Он продемонстрировал выдающиеся организаторские способности. Он ввел военно-полевые суды; он неистовствовал перед рабочими в ремонтных мастерских; он поставил на колеса и обновил подвижной состав. Он подошел ко всей этой операции на военный манер, смещая упрямых профсоюзных лидеров и силой вынуждая к подчинению рядовых работников; мелочи, подобные голосованию, он игнорировал, считая их недопустимой роскошью. Он настолько преуспел, что опередил все сроки, установленные для возрождения транспорта, его превозносили за то, что он возвратил к жизни «кровеносную систему экономического организма».

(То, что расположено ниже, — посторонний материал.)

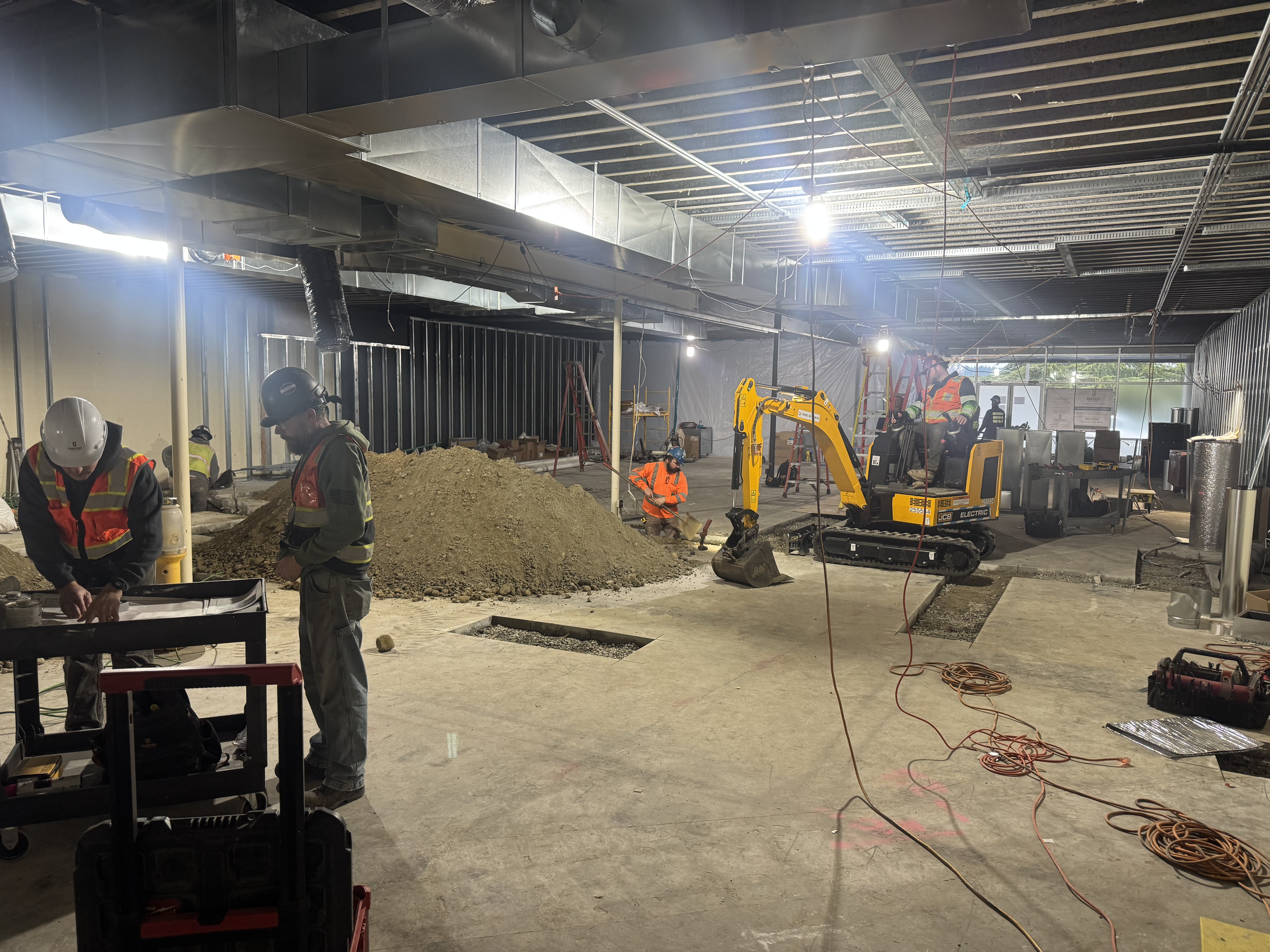 Construction workers with safety gear operate equipment and work inside a partially finished building with exposed ceilings, soil piles, and a small excavator. - Jax Salon and Spa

К концу польской кампании тот экстремизм, к которому привела его «железная» марксистская логика, перешел все границы. Он намеревался применить к рабочим других профсоюзов те методы, которые он применял на транспорте. На этот раз, однако, он зарвался; его открыто одернули и запретили выступать по вопросам взаимоотношений между государством и профсоюзами.
Несмотря на то, что ему заткнули рот в печати, Троцкий отстаивал свои взгляды с характерным для него упорством: выступая против предложения предоставить избранным представителям рабочих право решающего голоса, с чем он особенно был не согласен, он подчеркивал необходимость разумной бюрократической системы, без которой государственная машина не может работать. Разумеется, он был убежден, что со временем массы тоже поймут его правоту, но в том критическом положении, в котором находился режим, массы — уже хотя бы в силу своей отсталости — не могли, по его мнению, поспеть за событиями и демократическим путем их оценить.

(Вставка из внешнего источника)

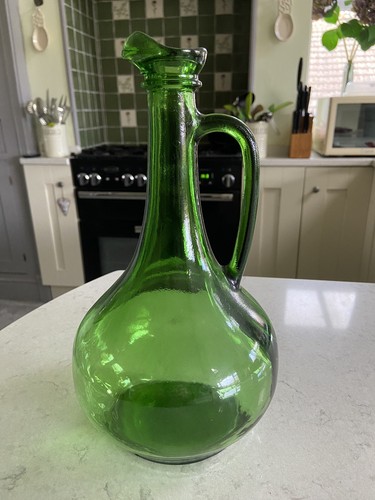 Vintage green glass pouring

В этом вопросе о бюрократии Троцкий тоже, так сказать, «забежал вперед»: централизация государственного контроля в гигантских масштабах тогда еще никем не рассматривалась всерьез. Решая социально-экономические проблемы абстрактно, Троцкий стрелял вхолостую: точно так же он раньше времени выскочил со своим предложением о свободном рынке, когда партийные руководители еще не хотели признать бесперспективность военного коммунизма. Поэтому и на сей раз Центральный Комитет отверг его предложение.

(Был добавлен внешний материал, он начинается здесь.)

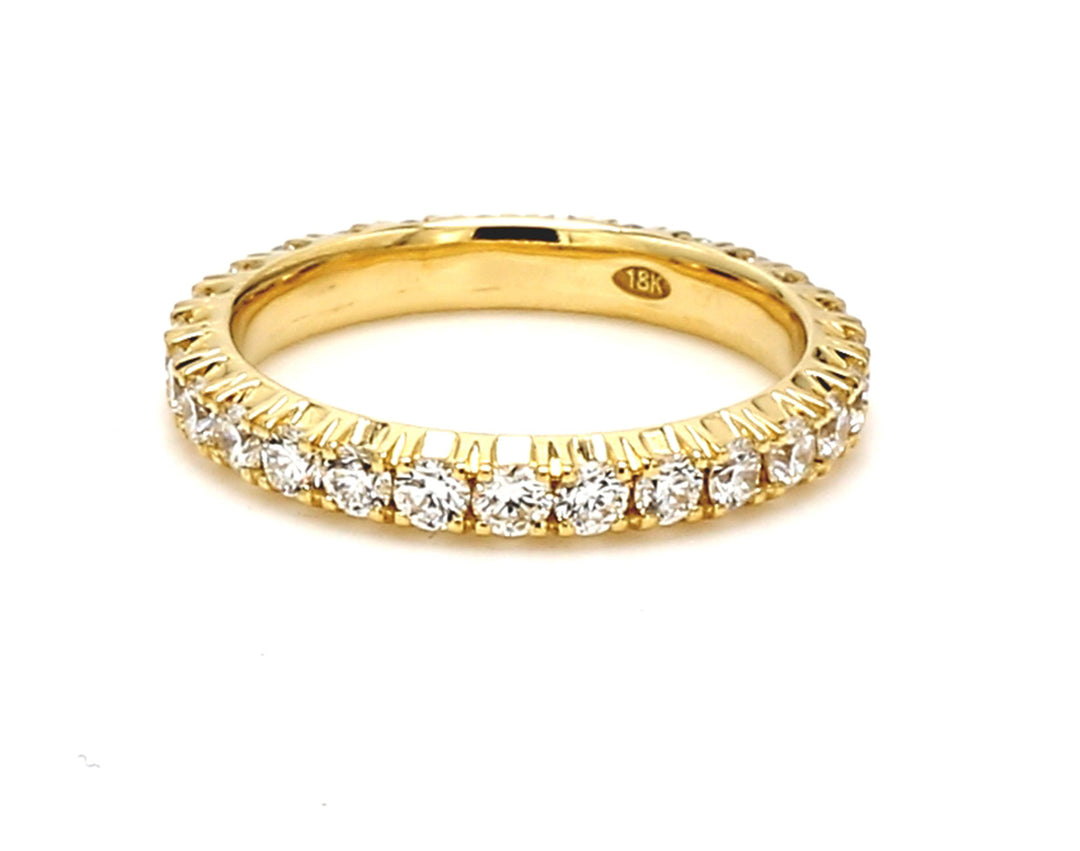 Eternity band in 18K YG with prong set (27) round diamonds.  D1.03ct.t.w.  Size 5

Его начинала переполнять глубокая, хотя и не находившая выражения, обида на Политбюро; в тесном кругу он жаловался, что, назначая его, ему рекомендовали руководствоваться исключительно соображениями эффективности и не обращать внимания на всякие «демократические» побрякушки, а теперь ЦК ведет себя по отношению к нему подчеркнуто нелояльно. Его принуждают молчать, между тем как ЦК делает перед общественностью вид, будто защищает демократические методы в противовес ему, Троцкому.
Отчаянное положение, в котором страна оказалась после гражданской войны, было бесконечным источником разочарований даже для тех, кто симпатизировал большевикам. Многие слои населения, независимо от своего отношения к Октябрю, были недовольны различными сторонами жизни при новой власти. Рабочие, среди которых многие надеялись на улучшения после Октября, находились, говоря словами Троцкого, в состоянии «опасного недовольства».
Дискуссия по профсоюзному вопросу, прошедшая в 1920-21 годах, снова привлекла внимание к извечной загадке марксизма: кого представляют руководители?